Obviously parsers have been written for all these languages before, so it seems like I shouldn't have to duplicate that effort (even though writing parsers is fun). Is there some open-source project which collects ready-to-use parser libraries for a bunch of source languages? Or should I just be using ANTLR to make my own from scratch? (Note: I'd be delighted to port the project to another language to make use of a great existing resource, so if you know of one, it doesn't matter what language it's written in.)

If you want language-accurate parsing, especially in the face of language complications such as macros and preprocessor conditionals, you need full language parsers. These are actually quite a lot of work to construct, and most languages don't lend themselves nicely to the various kinds of parser generators around. Nor are most authors of a language parser interested in other langauges; they tend to choose some parser generator that isn't obviously a huge roadblock when they start, implement their parser for the specific purpose they intend, and move on.
Consequence: there are very few libraries of language definitions around that are defined using a single formalism or a shared foundation.

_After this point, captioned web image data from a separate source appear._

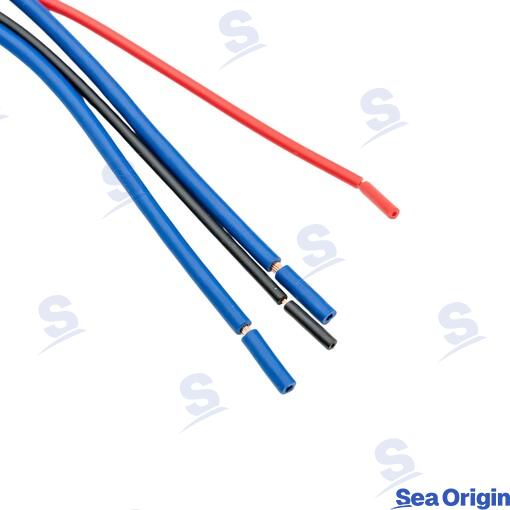 4-pin connector for 20A single-pole ON-OFF switches/buttons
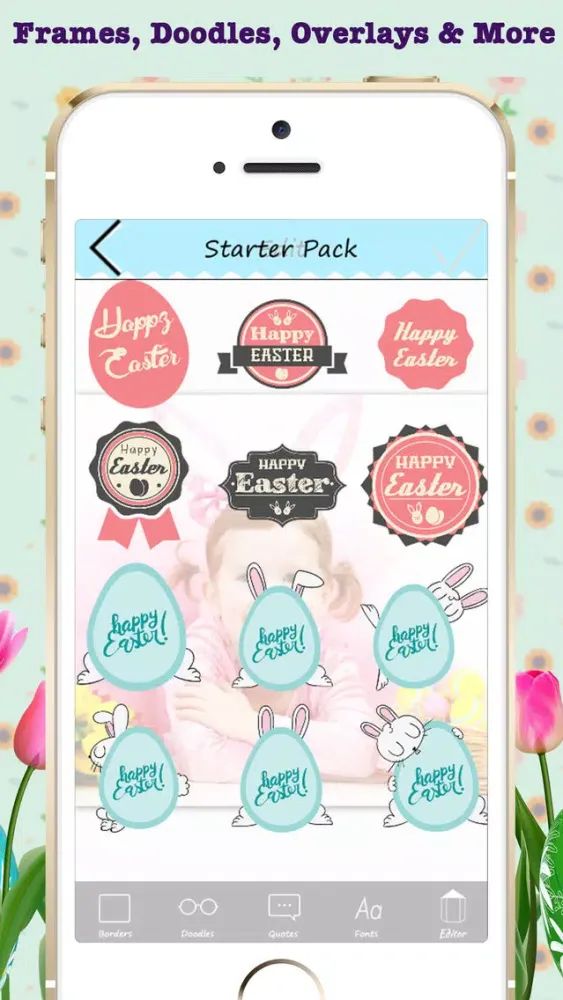 Easter Photo Collage Frames & Stickers Screenshots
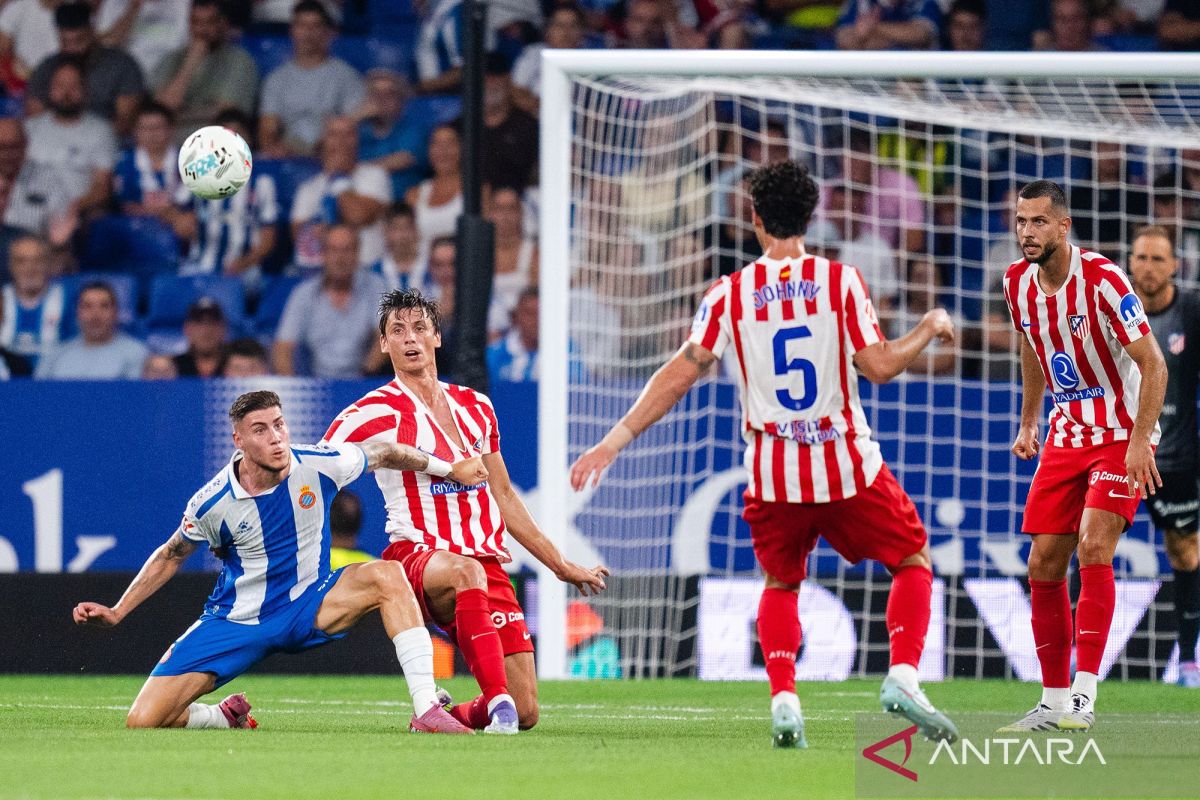 Atletico Madrid menang tipis 1-0 dari Osasuna
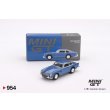画像1: MINI GT 1/64 Aston Martin DB5 Sierra Blue (LHD) (1)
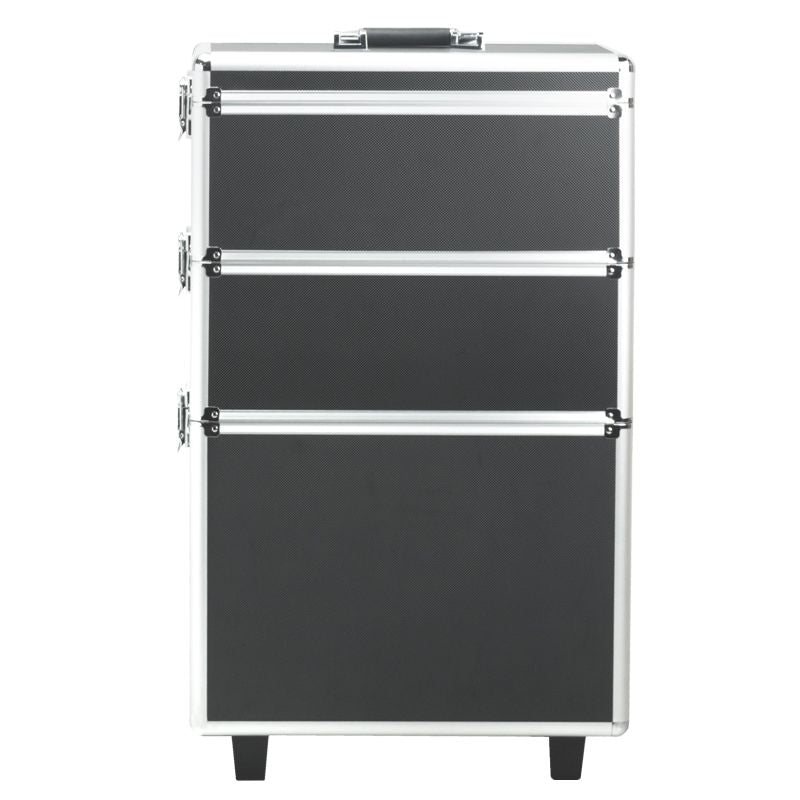 KUFER KOSMETYCZNY S-013 BLACK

The ANTLR crowd maintains one of the larger sets IMHO, although as far as I can tell most of those parsers are not-quite-production capable. There's always Bison, which has been around long enough so you'd expect a library of langauge definitions to be collected somewhere, but I've never seen one.
I've spent the last 15 years defining foundation machinery for program analysis and transformation, and building another such library, called the DMS Software Reengineering Toolkit. It has production quality parsers for C, C++, C#, Java, COBOL (IBM Enterprise version), JCL, PHP, Python, etc. Your opinion may of course vary from mine but these are used daily with DMS to carry out mass change tasks on large bodies of code.
I don't know of any others where the set of langauge definitions are mature and built on a single foundation... it may be that IBM's compilers are such a set, but IBM doesn't offer out the machinery or the language definitions.
If all you want to do is compute simple metrics, you might be able to live with just lexers and ad hoc nest-counting (as you've described). Even that's harder than it looks to make it work right in most cases (check out Python's, Perl's and PHP crazy string syntaxes). When all is said and done, even C is a surprising amount of work just to define an accurate lexer: we have several thousand lines of sophisticated regular expressions to cover all the strange lexemes you find in Microsoft and/or GNU C.
Because DMS has consistently-defined, mature parsers for many languages, it follows that DMS has consistently defined, mature lexers for the same langauges. We actually build a Source Code Search Engine (SCSE) that provides fast search across large bodies of codes in multiple languages that works by lexing the languages it encounters and indexing those lexemes for fast lookup. The SCSE just so happens to compute the kind of metrics you are discussing, too, as it indexes the code base, pretty much the way you describe, except that it has these langauage accurate lexers to use.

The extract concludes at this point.